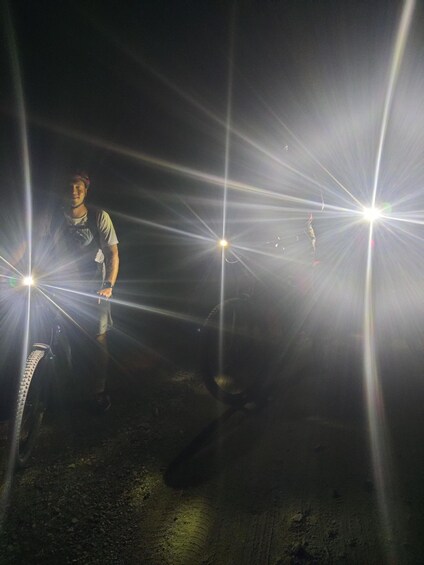 A person standing in a dark environment with multiple light sources creating starburst effects. 5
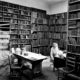 black and white image of a cosy corner of the library with books filling every shelf.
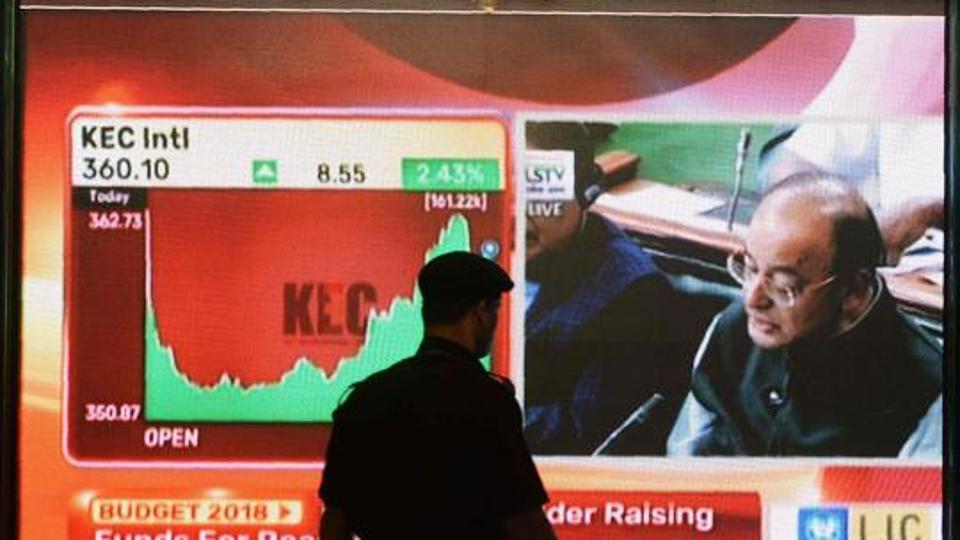 An Indian security guard walks past a digital screen showing Finance Minister Arun Jaitley delivering the budget speech. after four years in office we see that the government has been unable to come up with a sustainable formal job-creation initiative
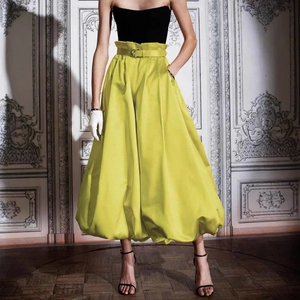 Détail d'une jupe bouffante jaune à taille haute avec finition satinée et large ceinture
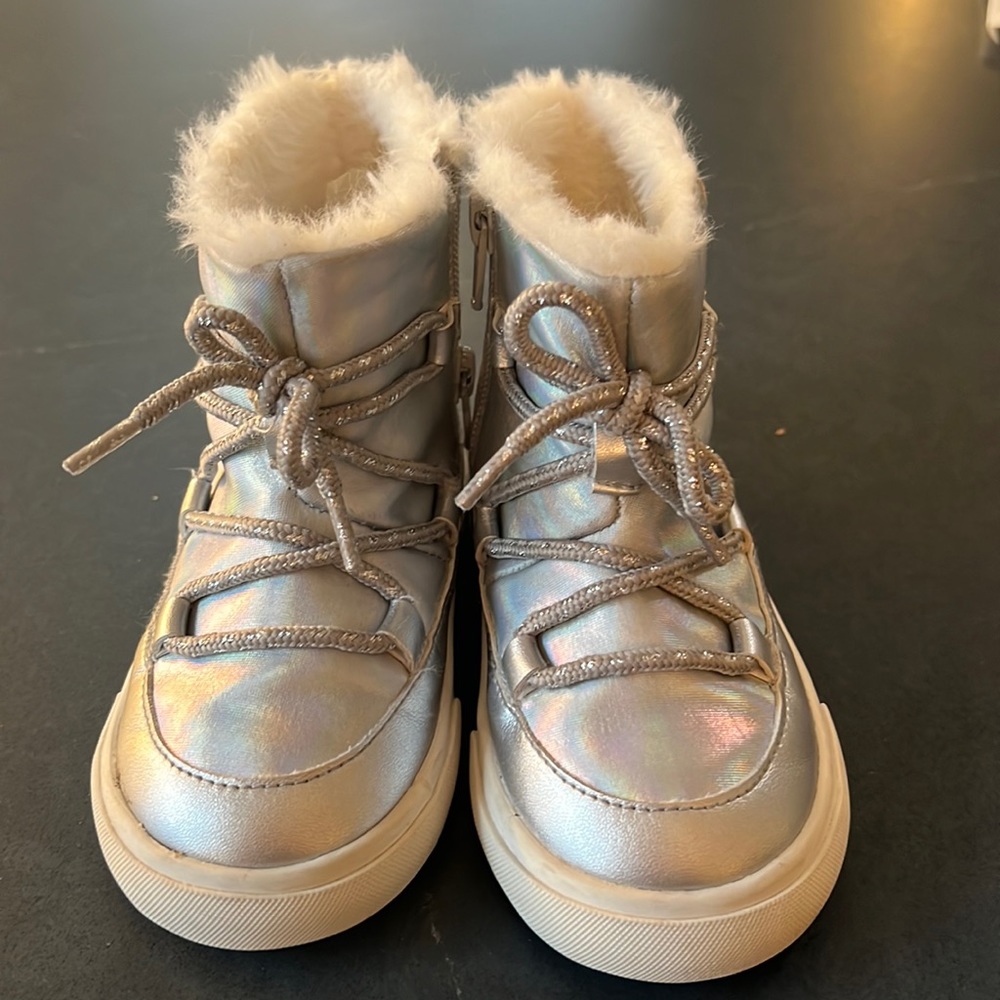 Iridescent silver snow boots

——

What the task requires — With the pictures left out, copy exactly the lines from the line holding "An Indian security" through the final line of the records, including both.

Your solution —
 An Indian security guard walks past a digital screen showing Finance Minister Arun Jaitley delivering the budget speech. after four years in office we see that the government has been unable to come up with a sustainable formal job-creation initiative
 Détail d'une jupe bouffante jaune à taille haute avec finition satinée et large ceinture
 Iridescent silver snow boots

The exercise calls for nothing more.